Brief:
The line containing "Glacier Burst In" marks the start. Restate it and every following line through the end of the records exactly, and nothing else, leaving out the pictures.

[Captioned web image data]

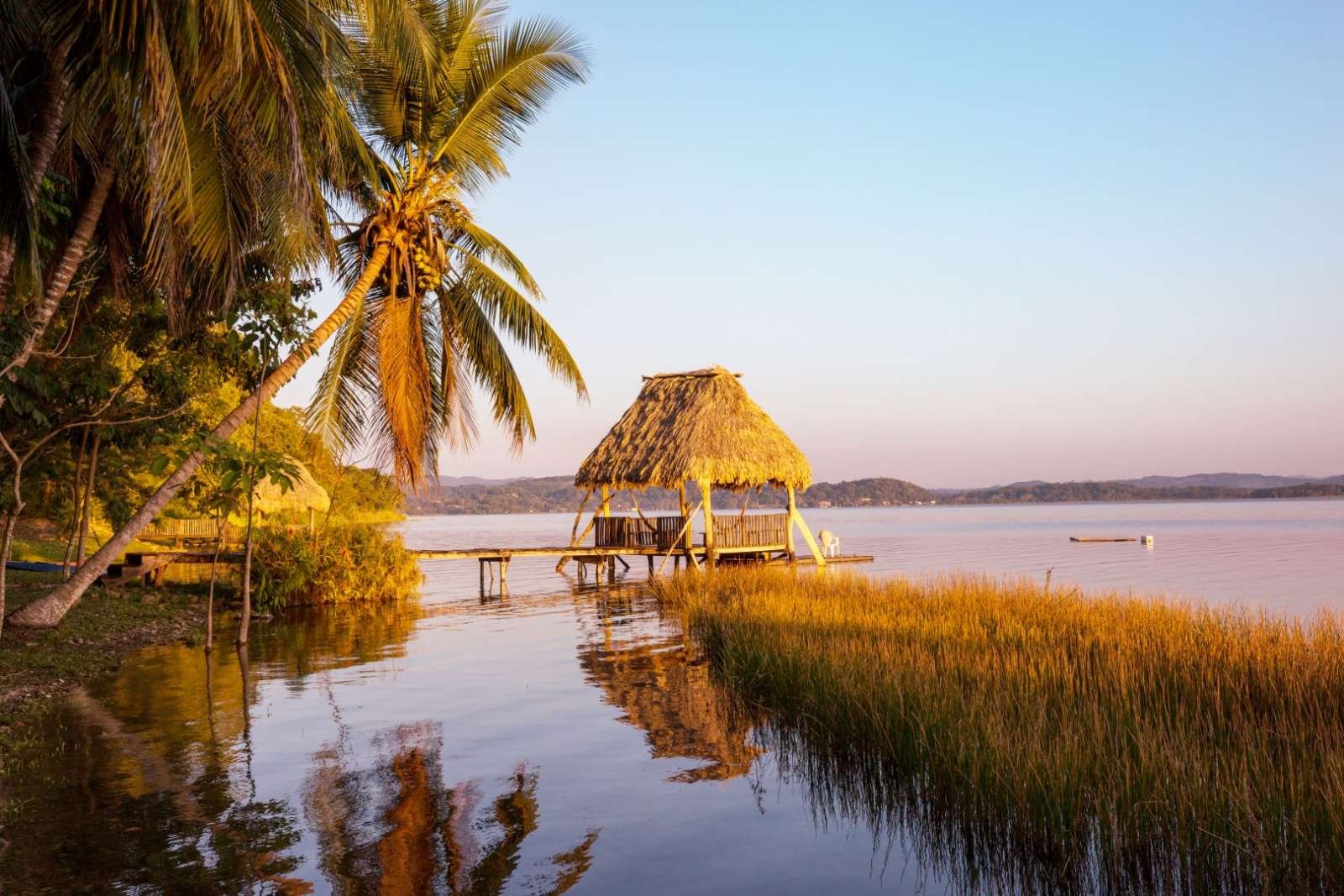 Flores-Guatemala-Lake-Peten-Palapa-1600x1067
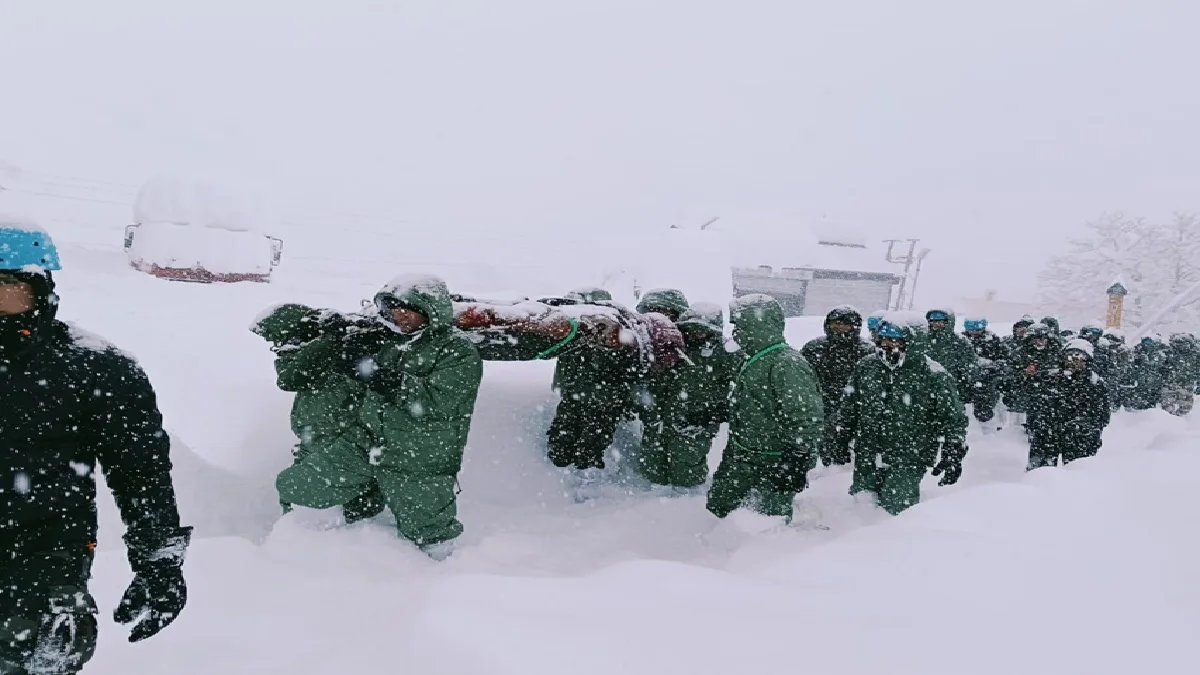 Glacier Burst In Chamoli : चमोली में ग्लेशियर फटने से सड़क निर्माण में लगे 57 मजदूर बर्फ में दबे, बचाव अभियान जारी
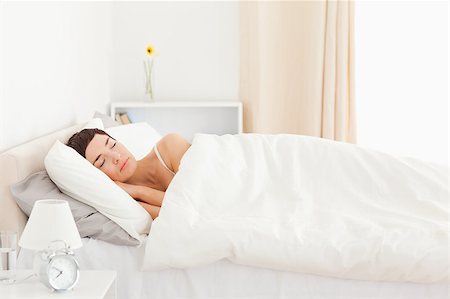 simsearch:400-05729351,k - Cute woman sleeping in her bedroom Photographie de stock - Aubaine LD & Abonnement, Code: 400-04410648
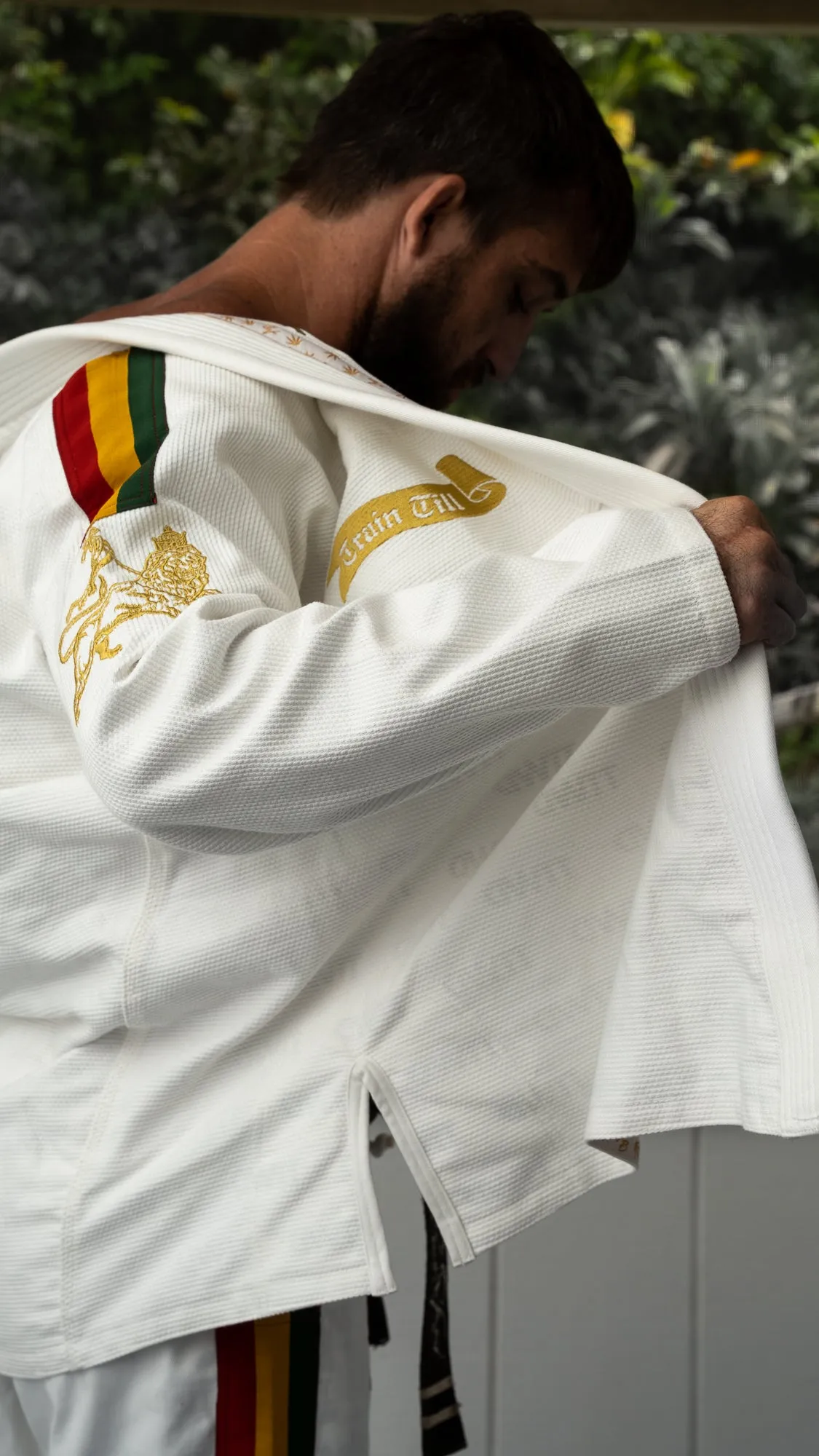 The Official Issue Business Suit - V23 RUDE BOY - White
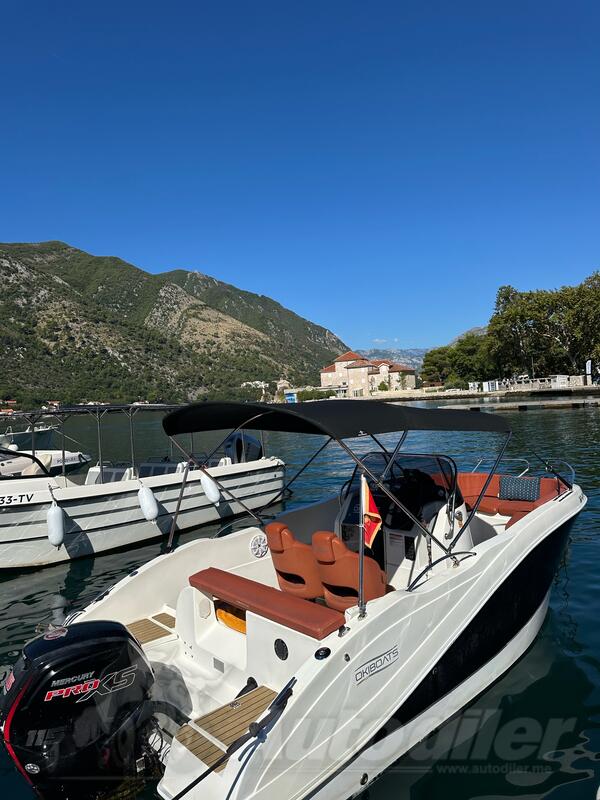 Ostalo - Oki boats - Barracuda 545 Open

Output of the exercise:
 Glacier Burst In Chamoli : चमोली में ग्लेशियर फटने से सड़क निर्माण में लगे 57 मजदूर बर्फ में दबे, बचाव अभियान जारी
 simsearch:400-05729351,k - Cute woman sleeping in her bedroom Photographie de stock - Aubaine LD & Abonnement, Code: 400-04410648
 The Official Issue Business Suit - V23 RUDE BOY - White
 Ostalo - Oki boats - Barracuda 545 Open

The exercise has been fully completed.